Citing a New York Times piece, I wrote in my column on the fiscal cliff tax breaks: “Perhaps the biggest patron of the active financing exception is Obama-friendly GE. When the company paid $0 in U.S. corporate income tax on $5.1 billion in U.S. profits in 2011, this exception was a major reason.”

GE sent me an email objecting to the way I wrote things. I don’t think I got anything wrong, and GE still doesn’t say if it had U.S. corporate income tax liability for tax year 2010, but for the sake of thoroughness, here’s GE’s email:


Re your article today: you write “When the company paid $0 in U.S. corporate income tax on $5.1 billion in U.S. profits in 2011” . I know you’re referring to the NYT article from 2011. First, that article was talking about taxes paid on 2010 profits, not 2011. More importantly, as we’ve said many times before, GE in fact paid $1 billion in federal, state and local taxes in the U.S. for 2010. GE’s tax rate for 2010 was low because we lost $32 billion in our financial business during the global financial crisis. That tax rate increased to 29% in 2011 as our financial business recovered.

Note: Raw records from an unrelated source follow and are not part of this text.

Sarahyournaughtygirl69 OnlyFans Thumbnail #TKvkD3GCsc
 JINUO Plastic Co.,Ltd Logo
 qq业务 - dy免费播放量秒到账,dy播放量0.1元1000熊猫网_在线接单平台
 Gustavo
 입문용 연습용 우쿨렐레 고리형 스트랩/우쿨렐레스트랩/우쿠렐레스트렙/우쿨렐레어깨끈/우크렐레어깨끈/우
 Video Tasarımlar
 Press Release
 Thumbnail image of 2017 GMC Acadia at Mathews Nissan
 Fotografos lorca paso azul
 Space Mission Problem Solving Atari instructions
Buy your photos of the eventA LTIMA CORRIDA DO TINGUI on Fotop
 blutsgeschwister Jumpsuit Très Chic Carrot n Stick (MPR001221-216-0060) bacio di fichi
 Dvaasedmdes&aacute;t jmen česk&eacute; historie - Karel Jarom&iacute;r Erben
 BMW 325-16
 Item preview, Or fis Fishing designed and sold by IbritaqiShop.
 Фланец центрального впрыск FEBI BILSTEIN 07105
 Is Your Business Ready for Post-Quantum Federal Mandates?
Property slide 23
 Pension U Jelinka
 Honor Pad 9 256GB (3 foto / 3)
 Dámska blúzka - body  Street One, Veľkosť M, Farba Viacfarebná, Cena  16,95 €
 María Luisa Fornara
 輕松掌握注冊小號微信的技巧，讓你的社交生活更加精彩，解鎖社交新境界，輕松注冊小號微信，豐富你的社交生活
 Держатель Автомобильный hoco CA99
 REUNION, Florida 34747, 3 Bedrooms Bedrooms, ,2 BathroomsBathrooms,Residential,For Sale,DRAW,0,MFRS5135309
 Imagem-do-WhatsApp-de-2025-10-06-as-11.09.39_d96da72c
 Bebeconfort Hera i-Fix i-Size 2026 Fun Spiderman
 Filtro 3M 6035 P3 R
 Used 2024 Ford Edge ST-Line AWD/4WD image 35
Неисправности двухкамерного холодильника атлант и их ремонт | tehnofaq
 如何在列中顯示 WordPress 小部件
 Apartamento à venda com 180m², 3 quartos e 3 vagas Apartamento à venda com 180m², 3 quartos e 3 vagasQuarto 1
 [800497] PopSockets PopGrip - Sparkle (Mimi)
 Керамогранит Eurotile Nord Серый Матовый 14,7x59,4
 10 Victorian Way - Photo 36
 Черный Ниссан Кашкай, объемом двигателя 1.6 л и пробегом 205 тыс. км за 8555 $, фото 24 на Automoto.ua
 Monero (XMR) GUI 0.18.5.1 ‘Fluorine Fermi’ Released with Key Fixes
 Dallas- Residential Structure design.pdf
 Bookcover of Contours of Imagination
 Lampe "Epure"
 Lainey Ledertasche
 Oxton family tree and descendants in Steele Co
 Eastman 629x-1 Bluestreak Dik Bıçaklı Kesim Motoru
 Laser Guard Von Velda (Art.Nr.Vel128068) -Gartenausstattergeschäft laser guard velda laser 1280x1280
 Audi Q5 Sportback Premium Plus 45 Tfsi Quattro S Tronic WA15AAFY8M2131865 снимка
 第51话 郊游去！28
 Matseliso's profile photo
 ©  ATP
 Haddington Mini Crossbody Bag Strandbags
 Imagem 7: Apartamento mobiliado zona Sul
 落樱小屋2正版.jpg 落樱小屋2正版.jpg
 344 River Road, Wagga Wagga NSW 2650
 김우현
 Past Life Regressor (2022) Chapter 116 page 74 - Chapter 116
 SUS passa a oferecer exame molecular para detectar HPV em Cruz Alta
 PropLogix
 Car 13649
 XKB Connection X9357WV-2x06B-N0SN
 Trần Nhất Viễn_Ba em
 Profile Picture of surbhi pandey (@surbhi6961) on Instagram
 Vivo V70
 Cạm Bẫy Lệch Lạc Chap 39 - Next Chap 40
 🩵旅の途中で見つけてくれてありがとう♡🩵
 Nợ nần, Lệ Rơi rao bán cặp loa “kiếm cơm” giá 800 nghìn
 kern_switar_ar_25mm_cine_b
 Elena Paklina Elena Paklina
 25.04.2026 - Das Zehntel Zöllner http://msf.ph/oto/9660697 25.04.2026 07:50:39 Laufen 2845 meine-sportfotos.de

Finally, the active financing exemption has broad bi-partisan support, and is not a “loophole.” Lawmakers and respected third-party experts agree that these rules should be a permanent feature of the tax code. Without these rules US financial services companies would face a significant competitive disadvantage in overseas markets.  Also these rules enable US manufacturers to make more products and create more US jobs by allowing for competitive financing of US exports.